# Supplied records

Segment Open

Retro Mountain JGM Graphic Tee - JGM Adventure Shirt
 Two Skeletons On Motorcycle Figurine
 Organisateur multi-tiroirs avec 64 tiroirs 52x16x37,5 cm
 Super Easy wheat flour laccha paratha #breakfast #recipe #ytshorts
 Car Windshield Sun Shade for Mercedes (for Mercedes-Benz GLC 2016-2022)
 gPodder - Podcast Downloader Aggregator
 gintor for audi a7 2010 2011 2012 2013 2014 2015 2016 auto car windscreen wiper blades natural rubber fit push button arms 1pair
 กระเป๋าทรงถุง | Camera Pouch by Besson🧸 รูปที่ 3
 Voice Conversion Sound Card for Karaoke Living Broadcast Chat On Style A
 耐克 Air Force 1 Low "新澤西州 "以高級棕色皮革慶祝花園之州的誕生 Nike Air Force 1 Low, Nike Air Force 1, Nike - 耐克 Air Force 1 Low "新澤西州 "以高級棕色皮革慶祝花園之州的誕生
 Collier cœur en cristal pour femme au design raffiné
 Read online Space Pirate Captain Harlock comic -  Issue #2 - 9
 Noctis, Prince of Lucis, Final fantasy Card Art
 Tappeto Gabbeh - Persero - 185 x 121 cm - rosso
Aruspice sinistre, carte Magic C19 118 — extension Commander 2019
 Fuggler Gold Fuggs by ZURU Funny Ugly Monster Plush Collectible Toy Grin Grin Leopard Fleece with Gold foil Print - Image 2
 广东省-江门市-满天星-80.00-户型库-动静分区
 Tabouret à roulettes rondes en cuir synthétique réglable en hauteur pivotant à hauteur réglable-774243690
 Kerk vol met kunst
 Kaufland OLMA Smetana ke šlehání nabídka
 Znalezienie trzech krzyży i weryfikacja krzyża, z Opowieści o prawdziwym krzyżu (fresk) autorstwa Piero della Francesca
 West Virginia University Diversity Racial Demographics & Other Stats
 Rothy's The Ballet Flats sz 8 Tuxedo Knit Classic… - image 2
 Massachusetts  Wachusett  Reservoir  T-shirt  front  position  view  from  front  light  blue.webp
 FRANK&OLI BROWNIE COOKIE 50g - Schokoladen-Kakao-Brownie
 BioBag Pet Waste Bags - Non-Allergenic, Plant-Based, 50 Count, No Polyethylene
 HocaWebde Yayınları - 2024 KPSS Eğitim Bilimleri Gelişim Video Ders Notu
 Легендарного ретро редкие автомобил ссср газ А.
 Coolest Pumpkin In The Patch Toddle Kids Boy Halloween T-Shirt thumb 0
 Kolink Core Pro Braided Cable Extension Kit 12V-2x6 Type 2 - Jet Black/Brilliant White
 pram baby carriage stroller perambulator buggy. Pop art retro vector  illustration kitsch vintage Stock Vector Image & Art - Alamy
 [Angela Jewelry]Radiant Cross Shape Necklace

Segment Closed

# What this task involves
Every line from the first through the one containing "Znalezienie trzech krzyży" in the listing above must be given again exactly, with nothing else alongside.

# Solution for this task
Retro Mountain JGM Graphic Tee - JGM Adventure Shirt
 Two Skeletons On Motorcycle Figurine
 Organisateur multi-tiroirs avec 64 tiroirs 52x16x37,5 cm
 Super Easy wheat flour laccha paratha #breakfast #recipe #ytshorts
 Car Windshield Sun Shade for Mercedes (for Mercedes-Benz GLC 2016-2022)
 gPodder - Podcast Downloader Aggregator
 gintor for audi a7 2010 2011 2012 2013 2014 2015 2016 auto car windscreen wiper blades natural rubber fit push button arms 1pair
 กระเป๋าทรงถุง | Camera Pouch by Besson🧸 รูปที่ 3
 Voice Conversion Sound Card for Karaoke Living Broadcast Chat On Style A
 耐克 Air Force 1 Low "新澤西州 "以高級棕色皮革慶祝花園之州的誕生 Nike Air Force 1 Low, Nike Air Force 1, Nike - 耐克 Air Force 1 Low "新澤西州 "以高級棕色皮革慶祝花園之州的誕生
 Collier cœur en cristal pour femme au design raffiné
 Read online Space Pirate Captain Harlock comic -  Issue #2 - 9
 Noctis, Prince of Lucis, Final fantasy Card Art
 Tappeto Gabbeh - Persero - 185 x 121 cm - rosso
Aruspice sinistre, carte Magic C19 118 — extension Commander 2019
 Fuggler Gold Fuggs by ZURU Funny Ugly Monster Plush Collectible Toy Grin Grin Leopard Fleece with Gold foil Print - Image 2
 广东省-江门市-满天星-80.00-户型库-动静分区
 Tabouret à roulettes rondes en cuir synthétique réglable en hauteur pivotant à hauteur réglable-774243690
 Kerk vol met kunst
 Kaufland OLMA Smetana ke šlehání nabídka
 Znalezienie trzech krzyży i weryfikacja krzyża, z Opowieści o prawdziwym krzyżu (fresk) autorstwa Piero della Francesca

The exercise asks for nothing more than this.